*** Opening of RECORDS PROVIDED ***

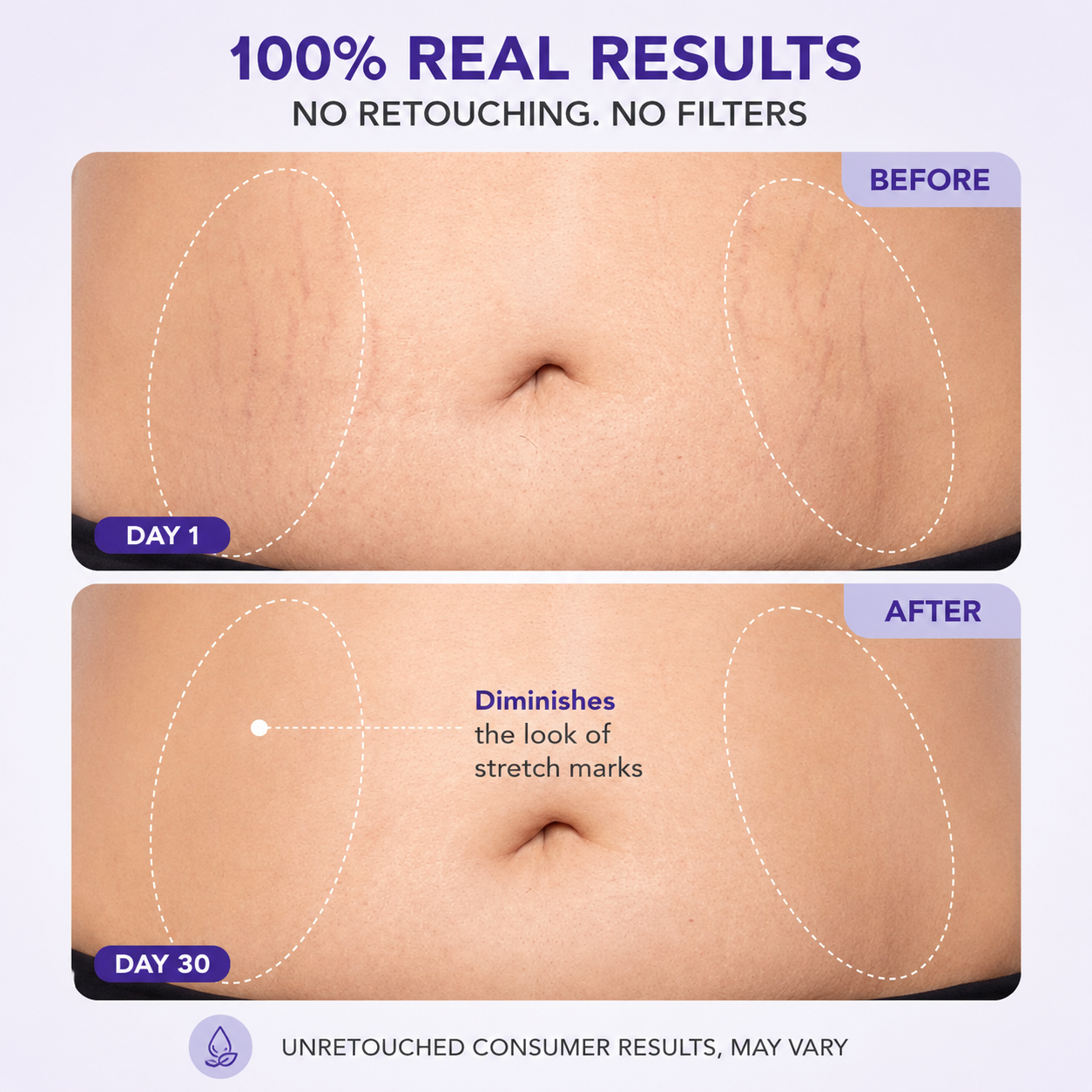 Edertas Firming Belly Cream – For Smoother, Tighter-Looking Skin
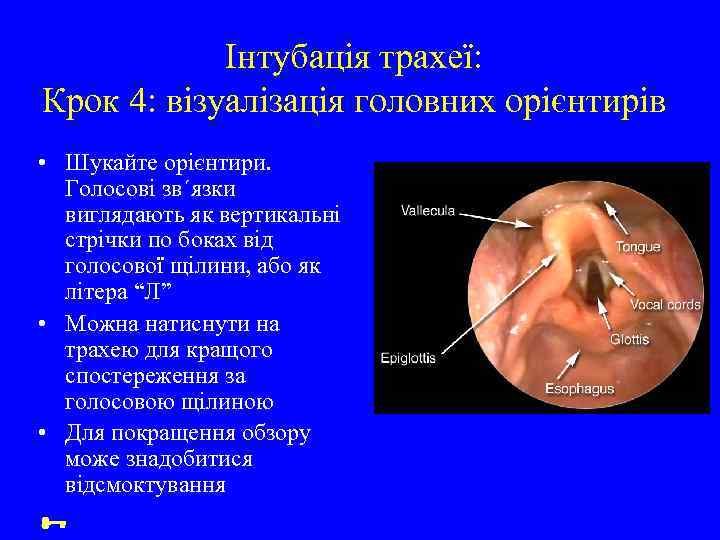 Інтубація трахеї: Крок 4: візуалізація головних орієнтирів • Шукайте орієнтири. Голосові зв΄язки виглядають як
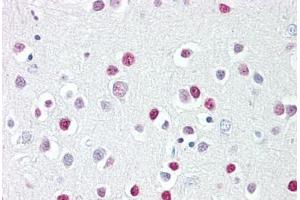 Anti-GATA4 antibody IHC staining of human brain, cortex. (GATA4 anticorps  (AA 330-380))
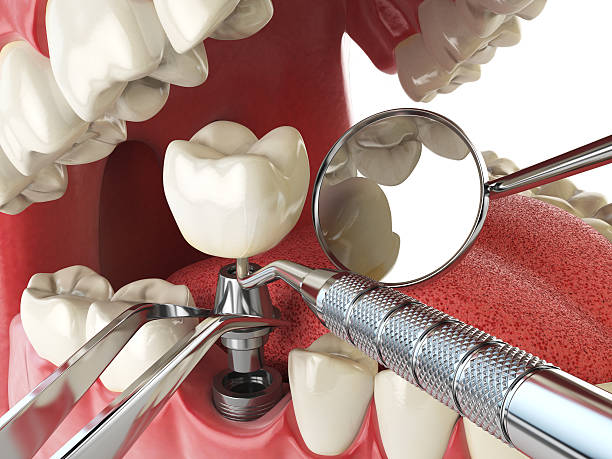 Best Emergency Tooth Extraction in Sioux Center, IA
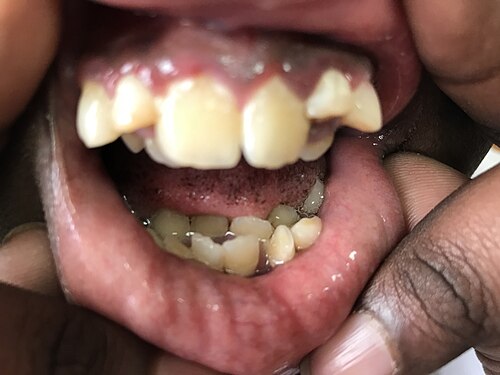 過剰歯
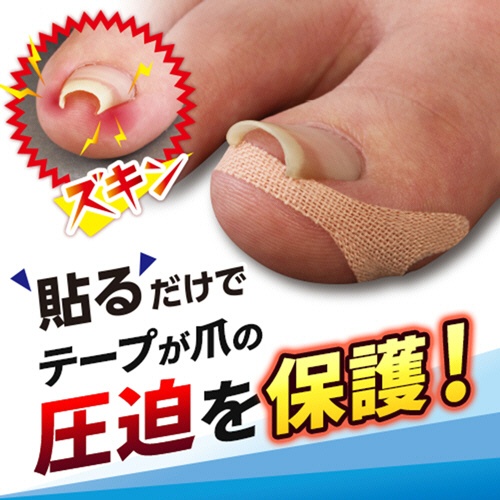 サイプラス　巻き爪テープ　クイこまなーい　１パック（１０枚）3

*** Close of RECORDS PROVIDED ***

REQUIREMENT:
The copy you give must run from the line containing "Інтубація трахеї: Крок" through the last line of the records, exactly, with the pictures left out.

PROBLEM SOLUTION:
 Інтубація трахеї: Крок 4: візуалізація головних орієнтирів • Шукайте орієнтири. Голосові зв΄язки виглядають як
 Anti-GATA4 antibody IHC staining of human brain, cortex. (GATA4 anticorps  (AA 330-380))
 Best Emergency Tooth Extraction in Sioux Center, IA
 過剰歯
 サイプラス　巻き爪テープ　クイこまなーい　１パック（１０枚）3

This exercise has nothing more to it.